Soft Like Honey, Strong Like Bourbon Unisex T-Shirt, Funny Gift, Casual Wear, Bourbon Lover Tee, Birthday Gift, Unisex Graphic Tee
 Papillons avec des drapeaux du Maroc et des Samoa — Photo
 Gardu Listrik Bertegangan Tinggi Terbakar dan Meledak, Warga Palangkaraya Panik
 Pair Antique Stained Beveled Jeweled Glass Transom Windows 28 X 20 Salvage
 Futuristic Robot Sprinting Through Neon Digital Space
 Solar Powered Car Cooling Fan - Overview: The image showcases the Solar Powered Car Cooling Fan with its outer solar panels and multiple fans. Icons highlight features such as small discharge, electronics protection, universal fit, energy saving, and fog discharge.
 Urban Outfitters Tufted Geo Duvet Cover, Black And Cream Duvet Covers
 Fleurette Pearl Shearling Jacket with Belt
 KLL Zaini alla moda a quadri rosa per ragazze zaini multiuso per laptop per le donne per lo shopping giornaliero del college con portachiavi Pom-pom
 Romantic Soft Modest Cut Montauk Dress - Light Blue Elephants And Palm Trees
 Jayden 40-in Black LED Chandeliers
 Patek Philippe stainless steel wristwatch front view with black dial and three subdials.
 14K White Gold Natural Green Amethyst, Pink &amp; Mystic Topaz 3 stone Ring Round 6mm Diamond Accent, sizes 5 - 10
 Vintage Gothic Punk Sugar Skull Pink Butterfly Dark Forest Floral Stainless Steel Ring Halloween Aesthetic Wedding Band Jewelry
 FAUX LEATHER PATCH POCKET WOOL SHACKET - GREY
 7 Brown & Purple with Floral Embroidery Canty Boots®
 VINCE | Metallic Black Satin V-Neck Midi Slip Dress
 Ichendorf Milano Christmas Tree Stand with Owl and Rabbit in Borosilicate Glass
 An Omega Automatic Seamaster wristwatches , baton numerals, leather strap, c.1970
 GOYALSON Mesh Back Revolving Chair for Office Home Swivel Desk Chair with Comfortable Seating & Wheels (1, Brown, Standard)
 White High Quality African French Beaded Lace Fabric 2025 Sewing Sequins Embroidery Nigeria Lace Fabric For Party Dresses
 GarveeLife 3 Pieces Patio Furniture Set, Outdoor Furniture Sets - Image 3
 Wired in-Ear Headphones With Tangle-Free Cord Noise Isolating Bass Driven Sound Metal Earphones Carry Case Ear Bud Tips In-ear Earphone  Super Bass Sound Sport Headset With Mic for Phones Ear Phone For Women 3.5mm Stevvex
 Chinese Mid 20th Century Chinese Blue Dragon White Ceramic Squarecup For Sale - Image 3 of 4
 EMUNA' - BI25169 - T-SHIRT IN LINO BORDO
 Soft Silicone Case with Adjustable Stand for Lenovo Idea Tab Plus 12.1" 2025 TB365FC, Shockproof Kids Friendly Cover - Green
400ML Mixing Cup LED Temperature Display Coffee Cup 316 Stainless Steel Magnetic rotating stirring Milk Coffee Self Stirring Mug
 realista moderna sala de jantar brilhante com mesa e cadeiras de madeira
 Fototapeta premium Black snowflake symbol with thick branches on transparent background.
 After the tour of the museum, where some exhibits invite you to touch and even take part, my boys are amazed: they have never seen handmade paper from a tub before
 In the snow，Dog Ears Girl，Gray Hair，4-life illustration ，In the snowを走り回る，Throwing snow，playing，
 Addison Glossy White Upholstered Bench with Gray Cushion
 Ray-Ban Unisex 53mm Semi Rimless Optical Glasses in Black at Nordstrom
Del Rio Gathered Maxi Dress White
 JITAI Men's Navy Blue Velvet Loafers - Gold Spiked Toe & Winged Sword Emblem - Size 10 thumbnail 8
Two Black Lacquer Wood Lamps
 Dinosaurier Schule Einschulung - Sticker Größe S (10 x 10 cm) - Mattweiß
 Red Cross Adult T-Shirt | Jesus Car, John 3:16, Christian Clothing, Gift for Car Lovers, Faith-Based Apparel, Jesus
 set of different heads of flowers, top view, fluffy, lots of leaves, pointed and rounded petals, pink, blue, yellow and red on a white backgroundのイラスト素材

================================

PROBLEM TO WORK ON:
Looking at the entries above, can you reproduce exactly the lines from the one that holds "Patek Philippe stainless" through the one that holds "FAUX LEATHER PATCH", and only those?

EXERCISE ANSWER:
 Patek Philippe stainless steel wristwatch front view with black dial and three subdials.
 14K White Gold Natural Green Amethyst, Pink &amp; Mystic Topaz 3 stone Ring Round 6mm Diamond Accent, sizes 5 - 10
 Vintage Gothic Punk Sugar Skull Pink Butterfly Dark Forest Floral Stainless Steel Ring Halloween Aesthetic Wedding Band Jewelry
 FAUX LEATHER PATCH POCKET WOOL SHACKET - GREY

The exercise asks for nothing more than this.